Your task:
In the data below, begin at the line with "IVY002W/4Y1/SIL U.S. POLO ASSN" and stop after the line with "Cảm Kiếm Tuyệt Đối Chap 204 - Next Chap 205"; output those lines exactly and no pictures.
**** Listed records
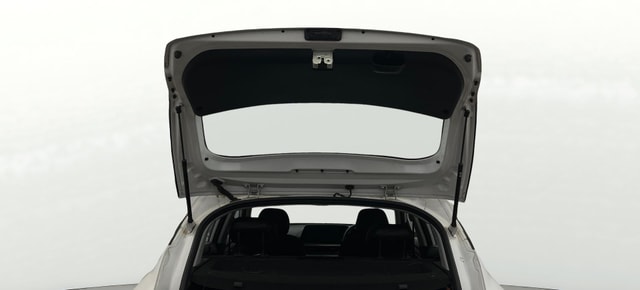 View Hyundai Elite i20 Image 16 Used Hyundai Elite i20 Image 16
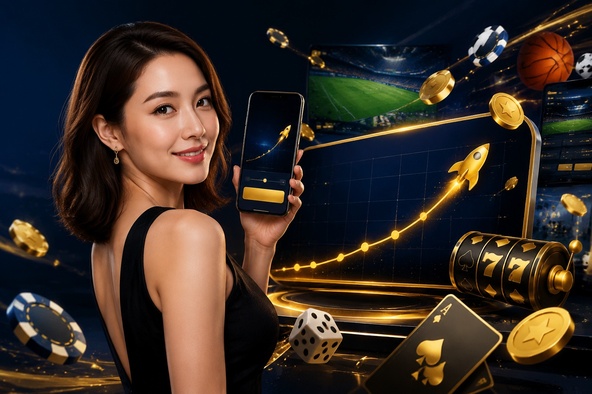 dgb222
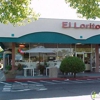 Los Caporales Taqueria gallery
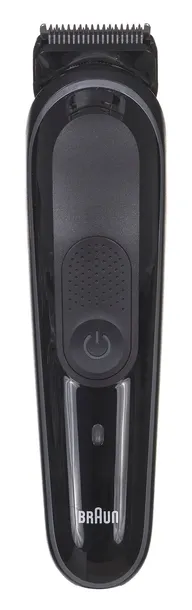 trymer-braun-mgk-5260-8w1-marka-braun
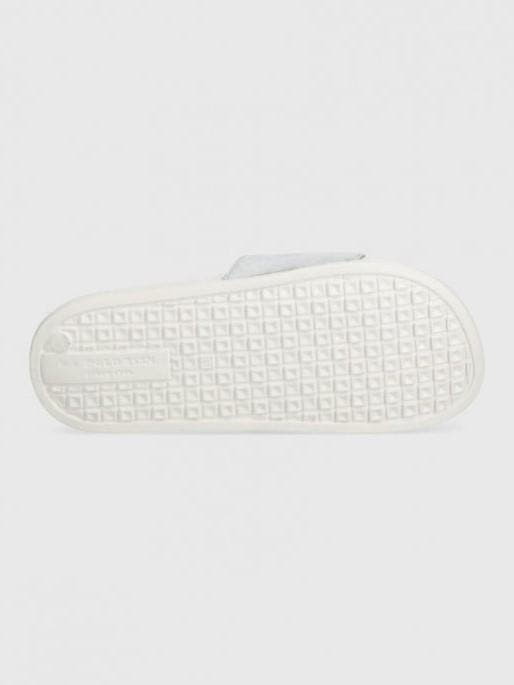 IVY002W/4Y1/SIL U.S. POLO ASSN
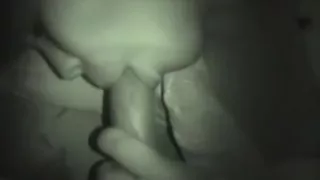 A very naughty Kazakh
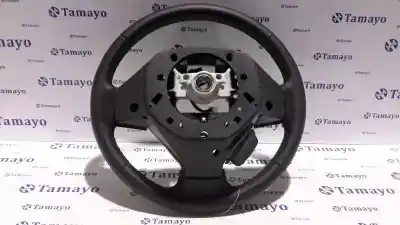 Автозапчасти б/у руль за suzuki vitara 1.6 16v cat ссылки oem iam   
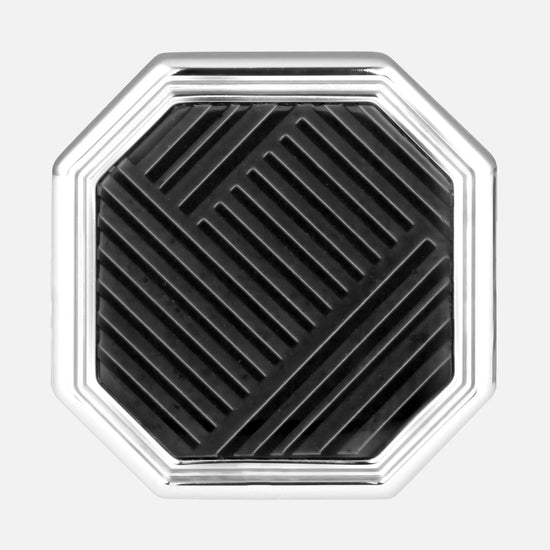 Montblanc gemelli Extreme 3.0 130992 Capodagli 1937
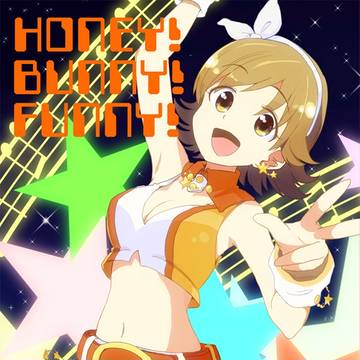C85新刊サンプル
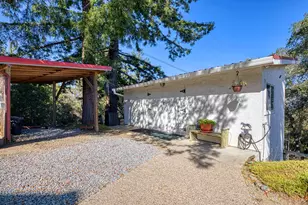 3430 Loma Alta Ln, Santa Cruz, CA 95065 - Photo 23
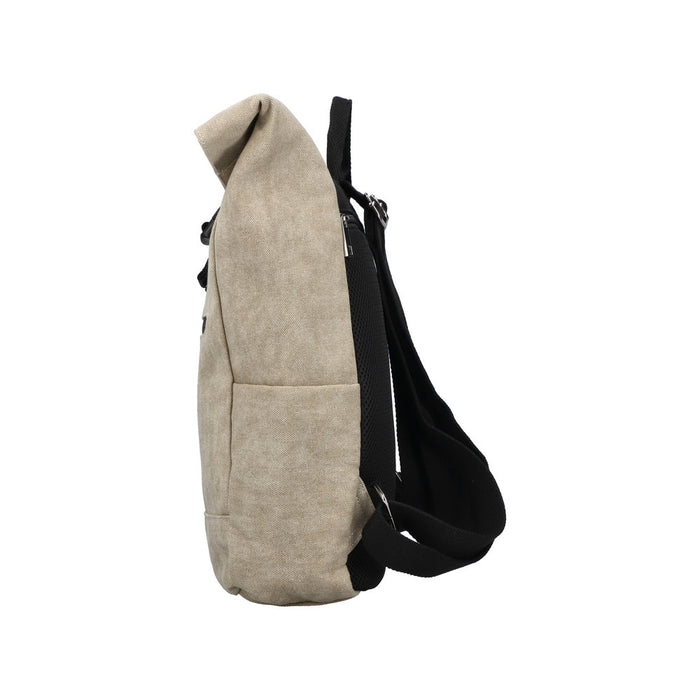 Rieker Rucksack - SchuhEggers.de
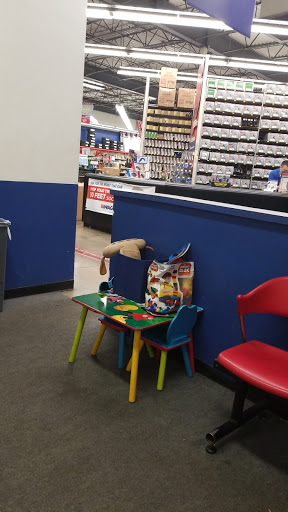 Auto Parts Store «Pep Boys Auto Parts & Service», reviews and photos, 450 Wilkes Barre Township Blvd, Wilkes-Barre, PA 18702, USA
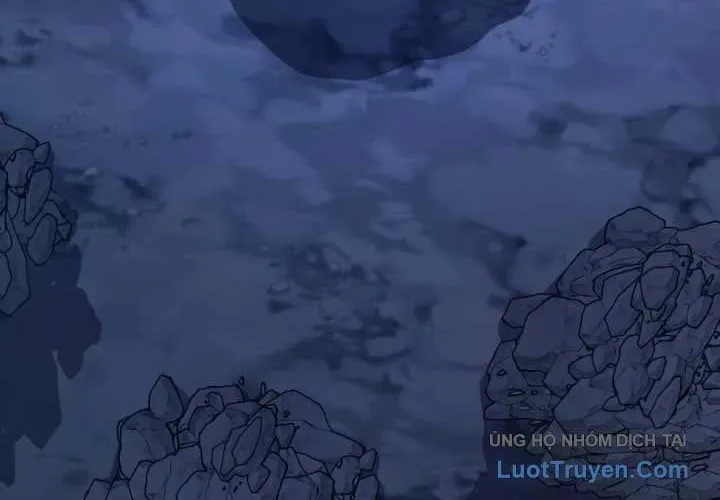 Cảm Kiếm Tuyệt Đối Chap 204 - Next Chap 205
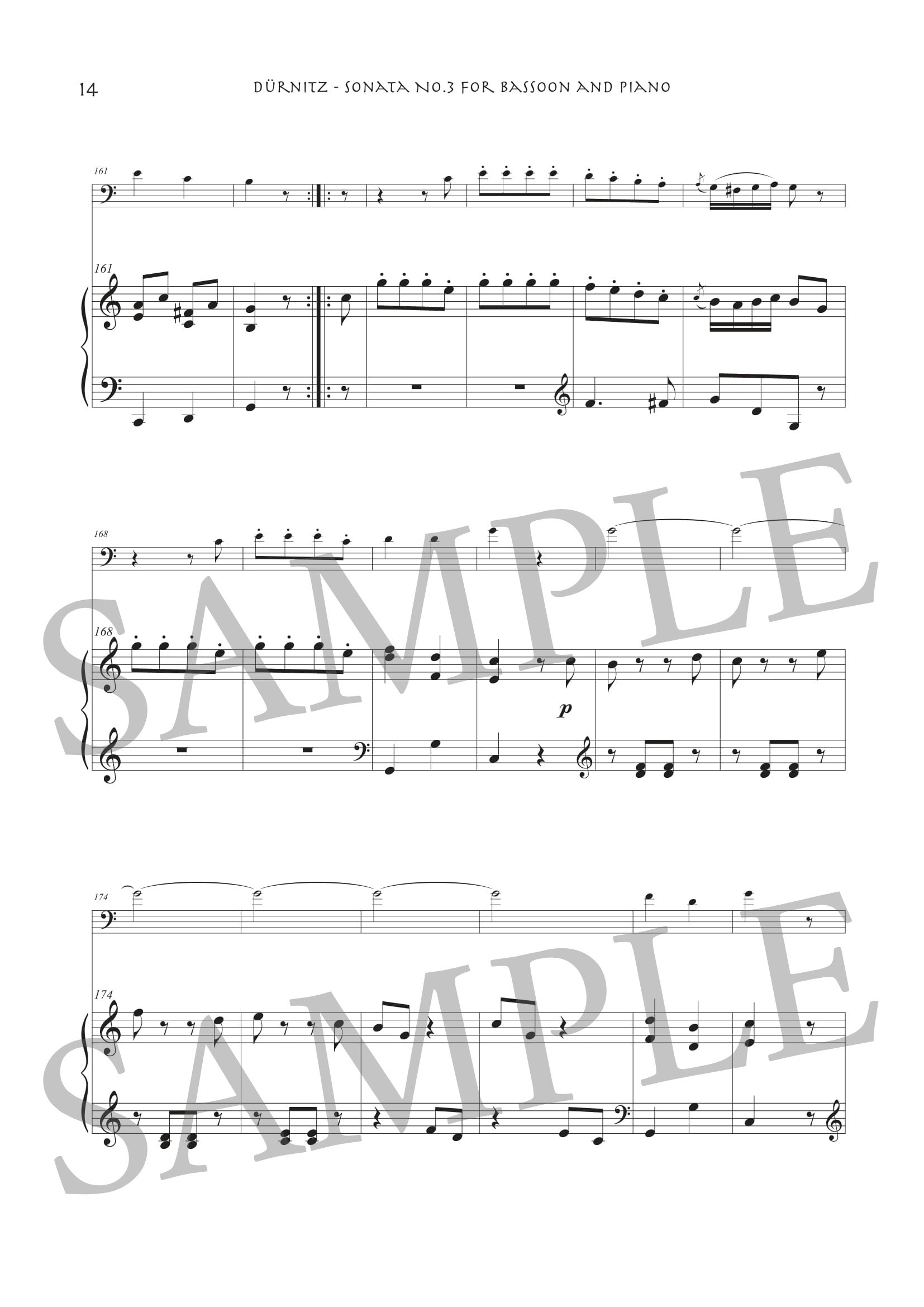DÜRNITZ - SONATA III - SCORE SAMPLE-6.jpg
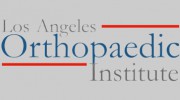 Los Angeles Orthopaedic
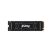 Накопитель SSD M.2 2280 1TB Kingston (SFYRS/1000G) - Нулевой остаток (Feed) - Нулевой остаток (Feed)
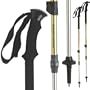 Contour Trekking Poles by Black Diamond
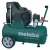 Metabo | kompresszor Basic 250-24 W OF 1500W
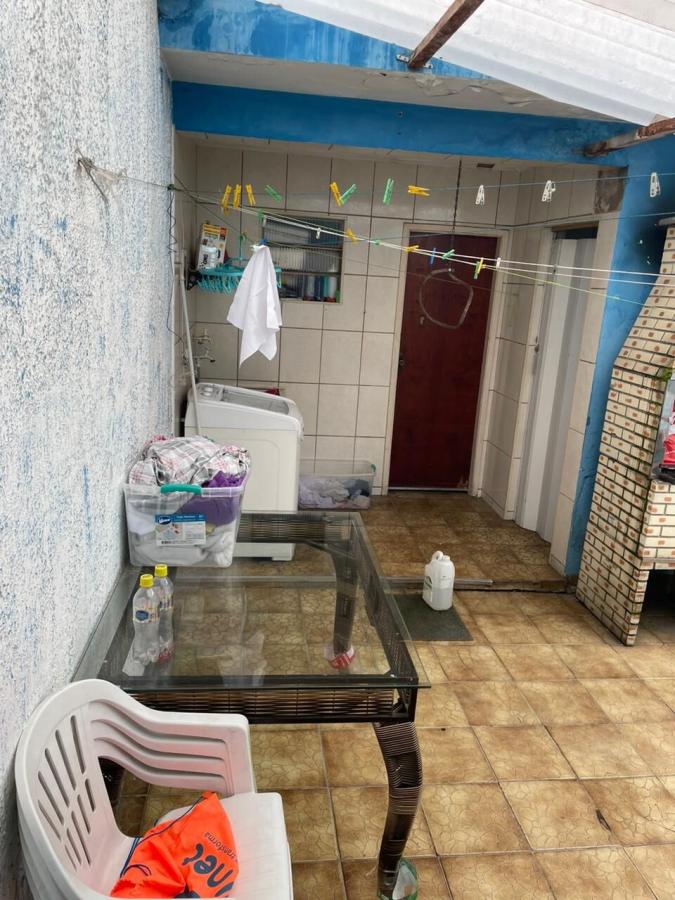 Sobrado à venda com 3 quartos, 136m² - Foto 11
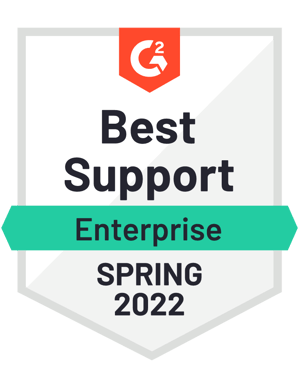 MeetingRoomBookingSystems_BestSupport_Enterprise_QualityOfSupport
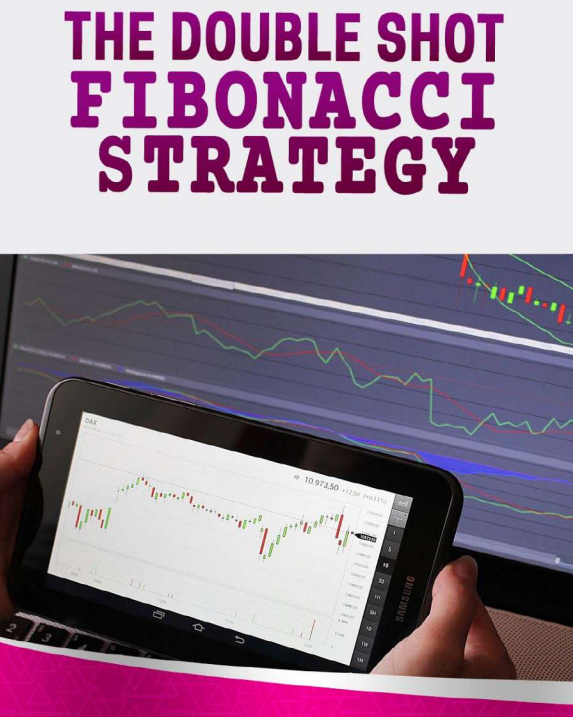 Çift Vuruş Fibonacci Stratejisi

10 sayfa, Türkçeleştirilmiş PDF

Görüntüle: forexgercekleri.xyz/cift-vurus-fib…

İndir: forexgercekleri.xyz/wp-content/upl…

#forex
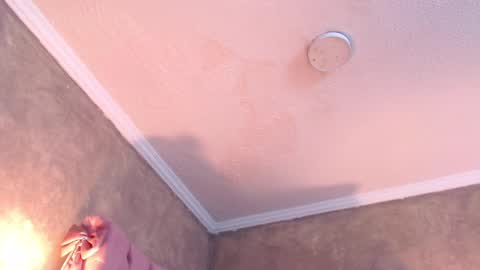 Snapshot of gabypetit chatting on 02-25-25, 12:58 Gaby online show from 02-25-25, 12:58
********
Response to this task:
 IVY002W/4Y1/SIL U.S. POLO ASSN
 A very naughty Kazakh
 Автозапчасти б/у руль за suzuki vitara 1.6 16v cat ссылки oem iam   
 Montblanc gemelli Extreme 3.0 130992 Capodagli 1937
C85新刊サンプル
 3430 Loma Alta Ln, Santa Cruz, CA 95065 - Photo 23
 Rieker Rucksack - SchuhEggers.de
 Auto Parts Store «Pep Boys Auto Parts & Service», reviews and photos, 450 Wilkes Barre Township Blvd, Wilkes-Barre, PA 18702, USA
 Cảm Kiếm Tuyệt Đối Chap 204 - Next Chap 205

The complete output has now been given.